Diversity of assessment literacy among in-service primary teachers.

2018 
Recent changes to assessment policy in England have brought the development of teachers’ assessment literacy to the fore. The Carter Review of Initial Teacher Training (DfE, 2015) highlighted the variability in assessment training however, leaving schools to plug gaps in knowledge and competency. Dwindling professional development budgets have led some head teachers to develop bespoke in-house interventions, but do these serve all teachers equally well? A tool called the TAPS pyramid (Earle et al., 2016) was developed to help teachers and school leaders evaluate and improve their use of assessment in primary science. It specifies the assessment activities at different reporting levels within a school, and has been downloaded over 5,700 times since August 2015. Little is known, however, about how teachers have used it to inform and improve their assessment practice, nor of how that use might vary between different groups.
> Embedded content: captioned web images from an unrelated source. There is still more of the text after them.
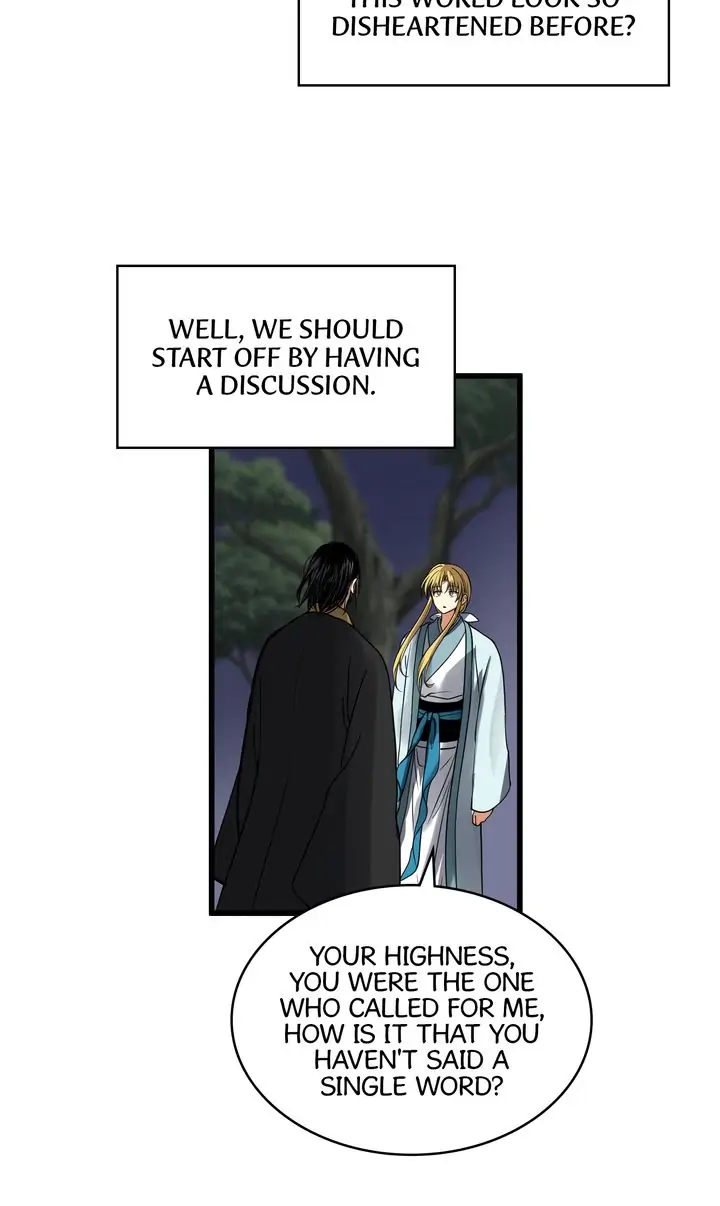 Taming the Tyrant - Chapter 53 manhwa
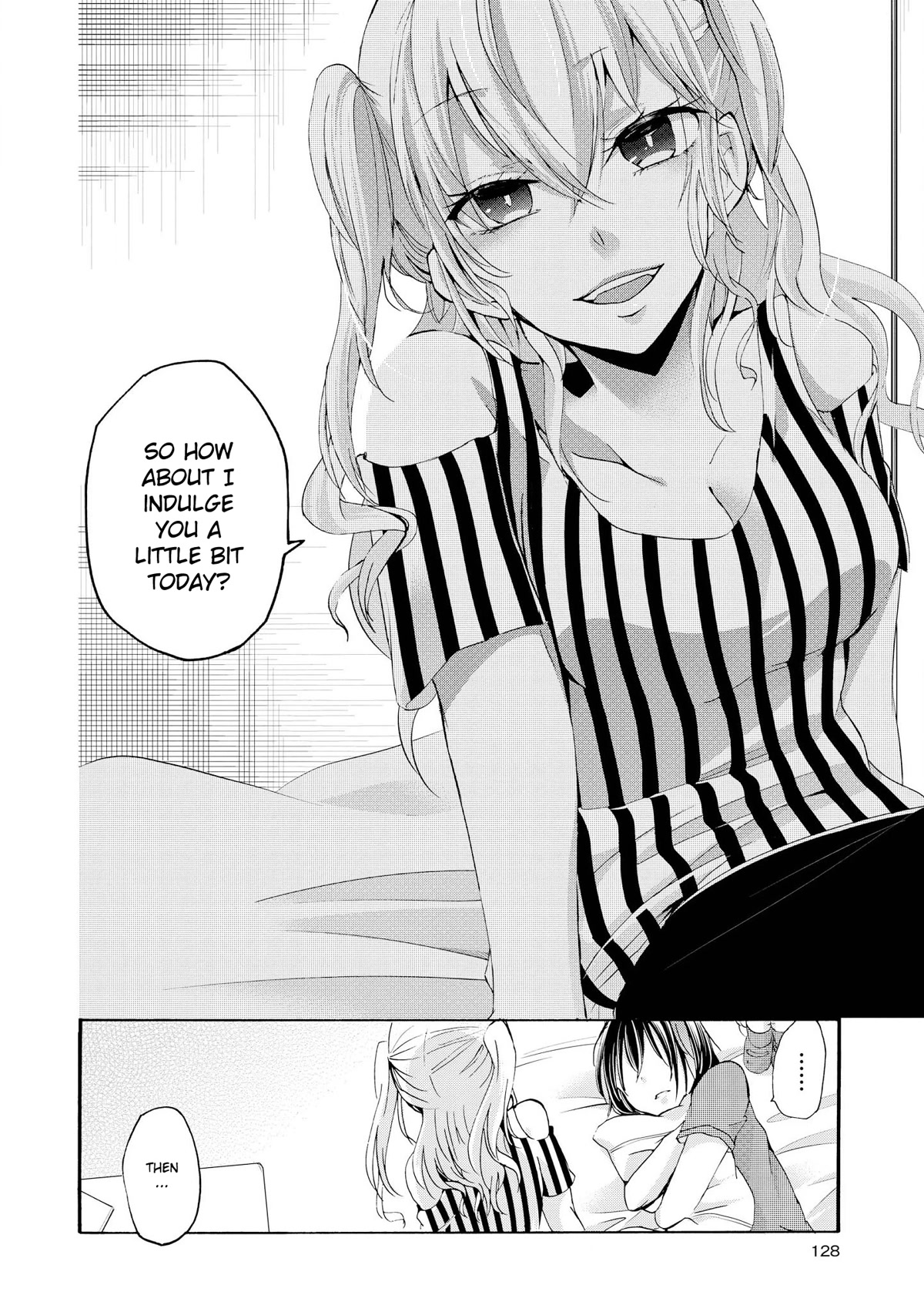 Inugami-san to Nekoyama-san Chapter 65 page 6 - Chapter 65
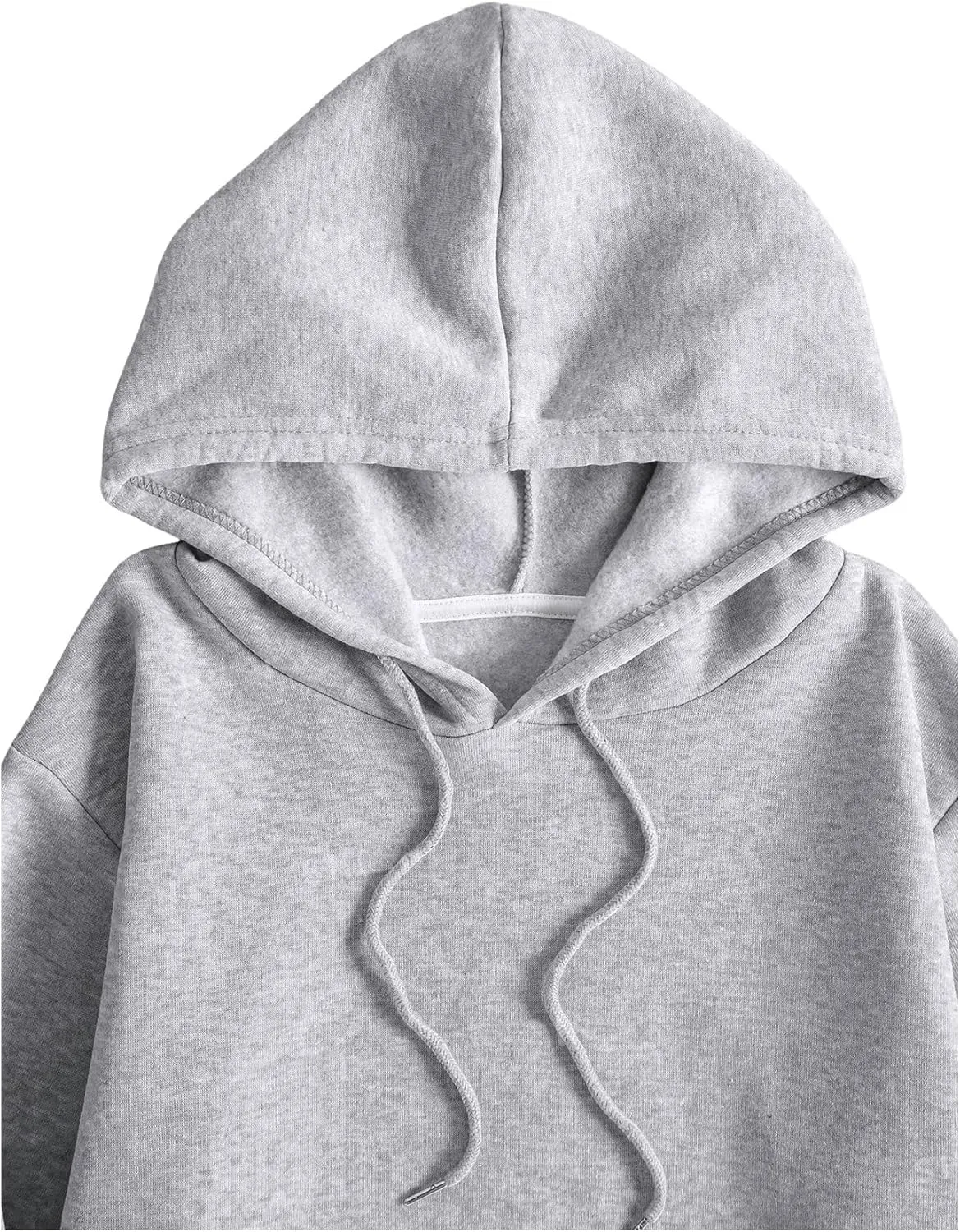Women's Letter Print Hoodies Oversized Sweatshirt Long Sleeve Tops Pullover Pocketed Streetwear Women Outfits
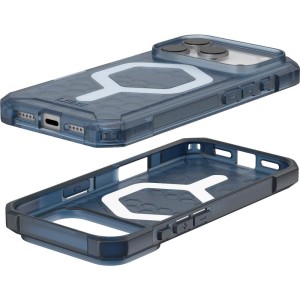 Essential Armor MS case iP17 Pro Cl.Blue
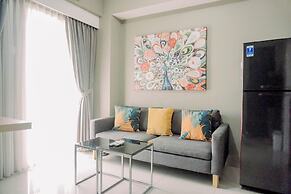 Comfort 2Br At 3Rd Floor Baileys Apartment
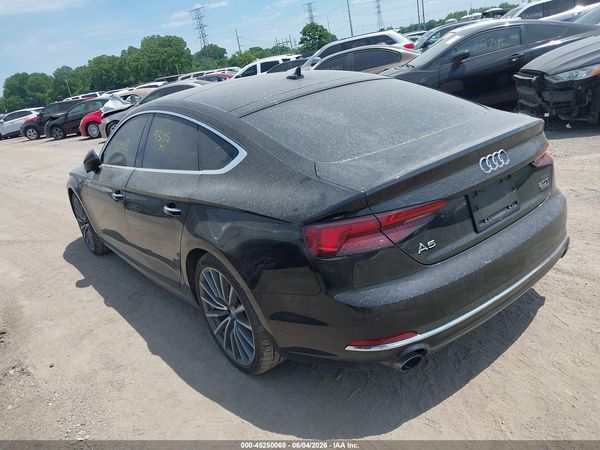 2018 AUDI A5 2.0T PREMIUM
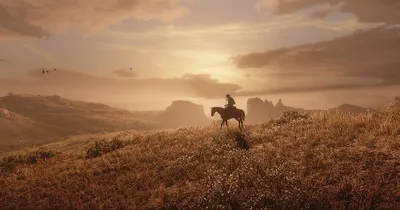 The Making of Rockstar Games' Red Dead Redemption 2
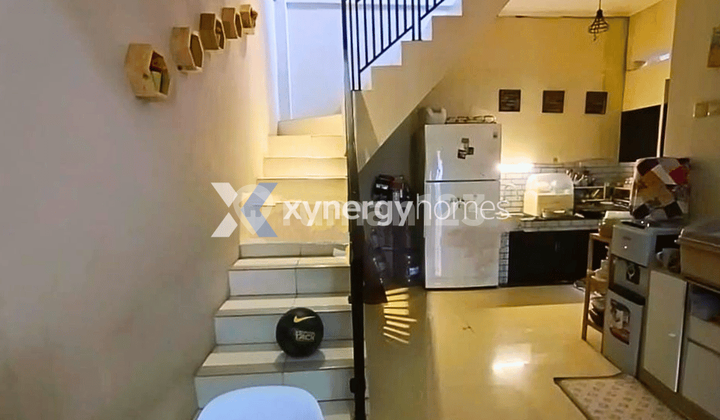 Rumah Siap Huni 2 Lantai SHM di The Awani Residence Padalarang Bandung 2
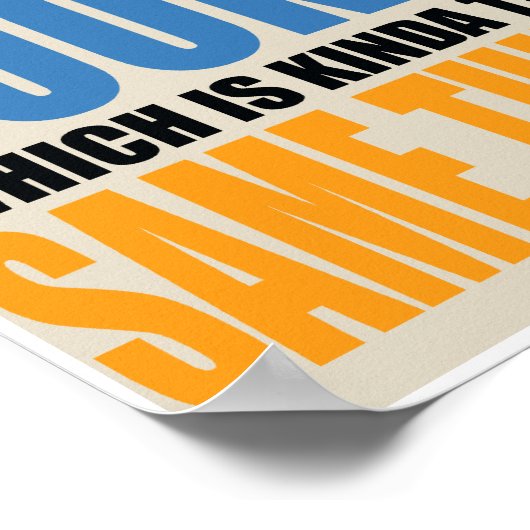 本買 ポスター (角)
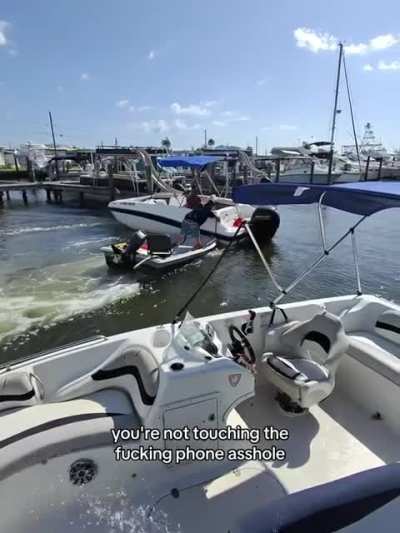 Two Florida men having a 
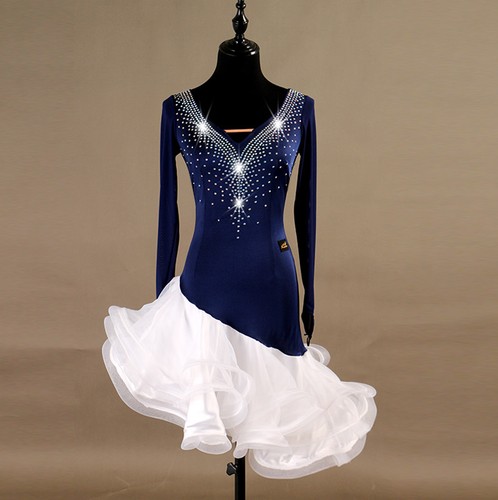 Abito ballo latino salsa - latino,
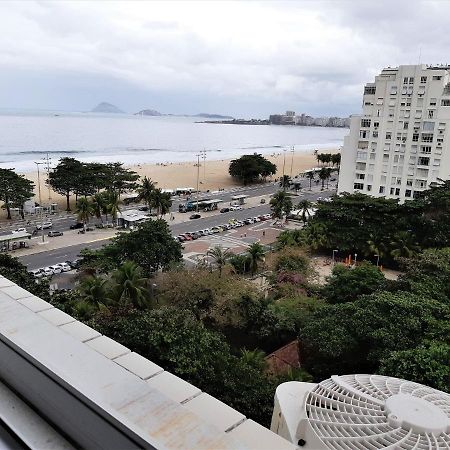 Rio De Janeiro, Copacabana Vista Mar Rio de Janeiro Exterior photo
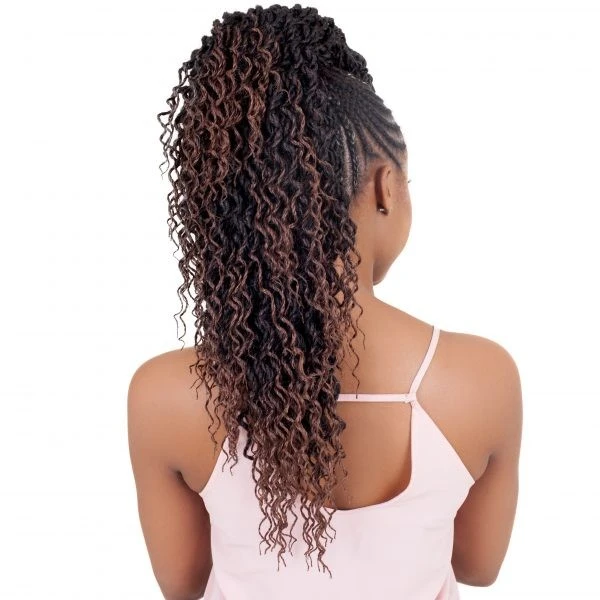 Linda Twist Curl 14" 4 Linda Twist Curl 14" - Image 2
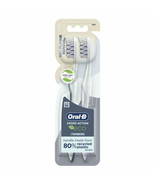 Oral-B CrossAction Eco Manual Toothbrush, Soft Bristles, 2 Count - $227.14 MXN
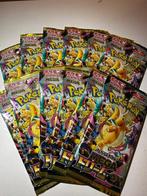 Pokémon - 6 Booster pack - Pokémon Japanese Booster Packs –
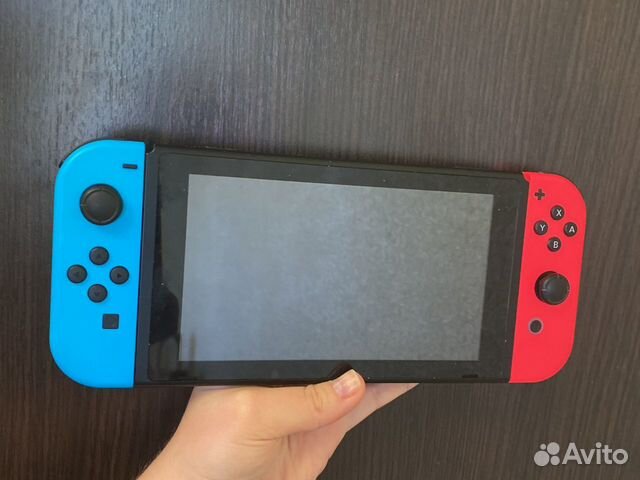 Прошить nintendo switch 2 ревизия самара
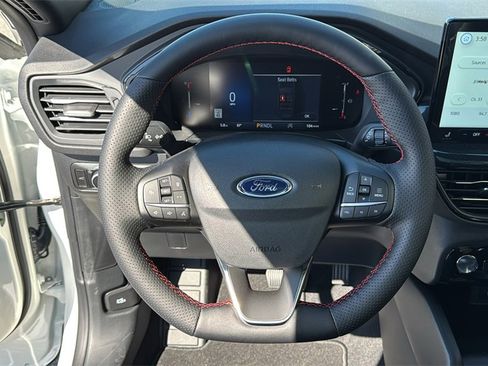 New 2025 Ford Escape ST-Line w/ Tech Pack #1 image 10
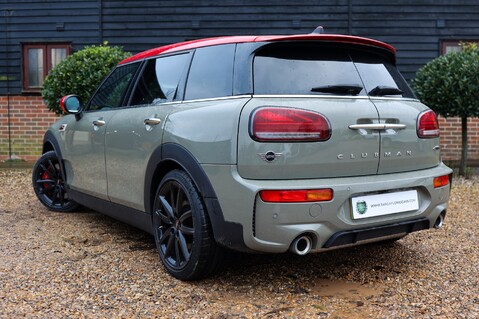 Mini Clubman JOHN COOPER WORKS ALL4 2.0 AUTO 12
This study collected online survey data over a two month period from 96 teachers, science subject leaders, deputies and heads who had used the TAPS pyramid in English primary schools. Quantitative analysis revealed significant differences in use and impact upon assessment practice, according to job role and years’ experience of teaching. These differences are considered from the perspectives of assessment policy changes, initial teacher training and the fluctuating status of primary science within the curriculum, before a call is made for head teachers to formatively assess the assessment literacy of their workforce before designing an intervention to develop their staff.